• [What is expected] Pictures must not appear in the copy. Reproduce exactly, and only, the lines from the one with "Vestido Infantil com Flores + Chapéu" through the end of the data below.

• [Information supplied]
※

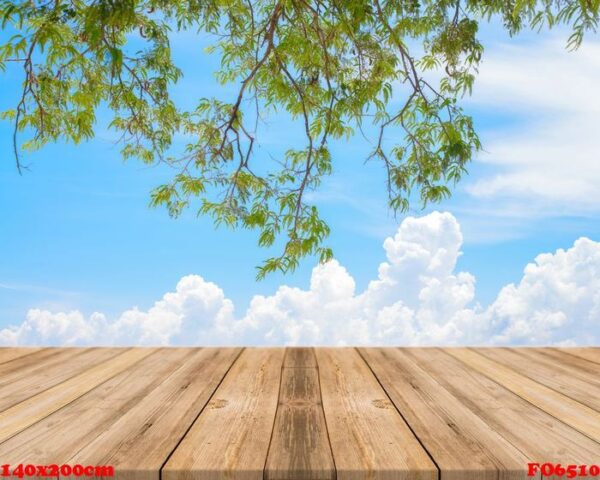 vintage wooden board empty table in front of blue sea & sky back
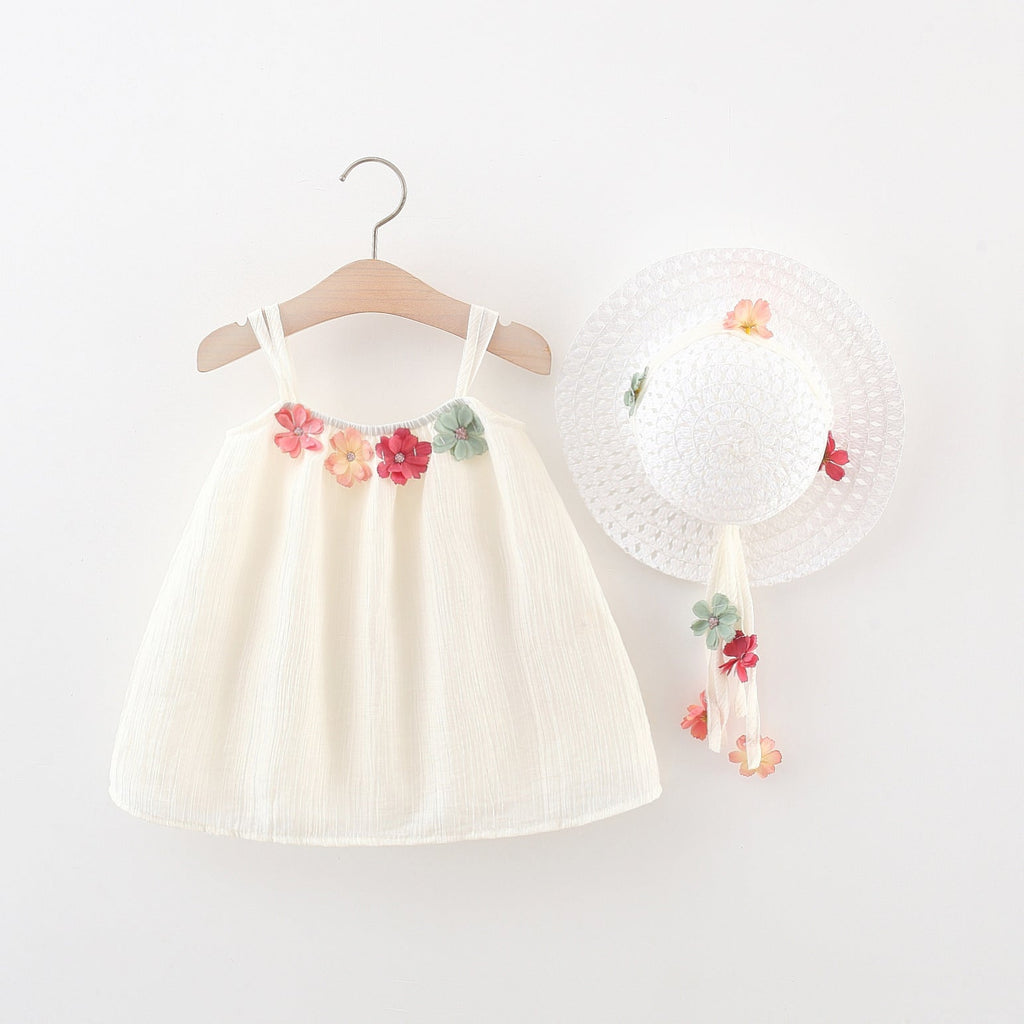 Vestido Infantil com Flores + Chapéu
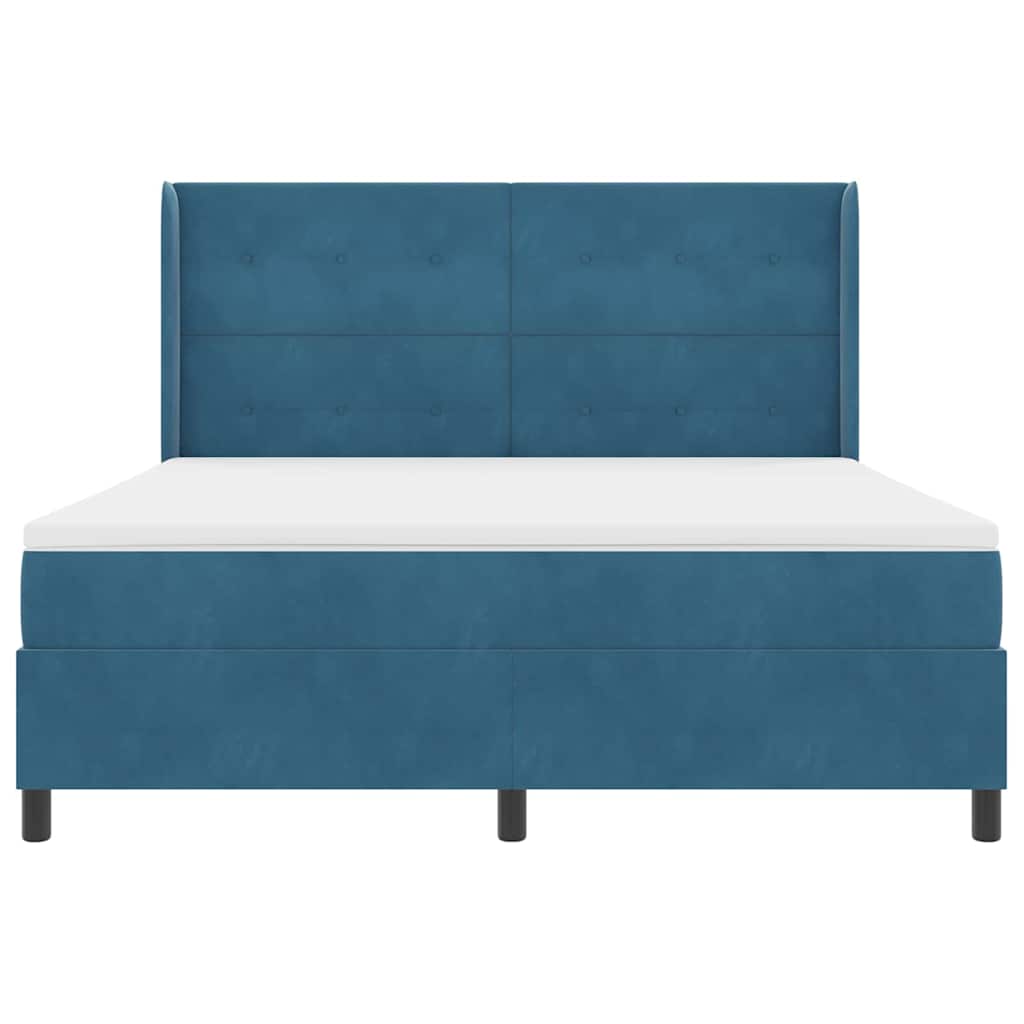 Box spring seng med madras Blå 180 x 200 cm Fløjl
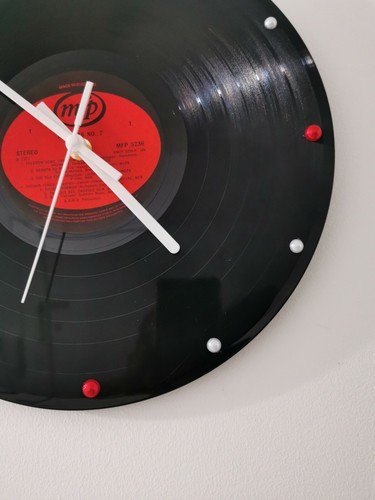 Hand Made Vinyl Record Wall Clock 12" LP Real Record White Clock Hands - Picture 4 of 4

※

• [Exercise result]
 Vestido Infantil com Flores + Chapéu
 Box spring seng med madras Blå 180 x 200 cm Fløjl
 Hand Made Vinyl Record Wall Clock 12" LP Real Record White Clock Hands - Picture 4 of 4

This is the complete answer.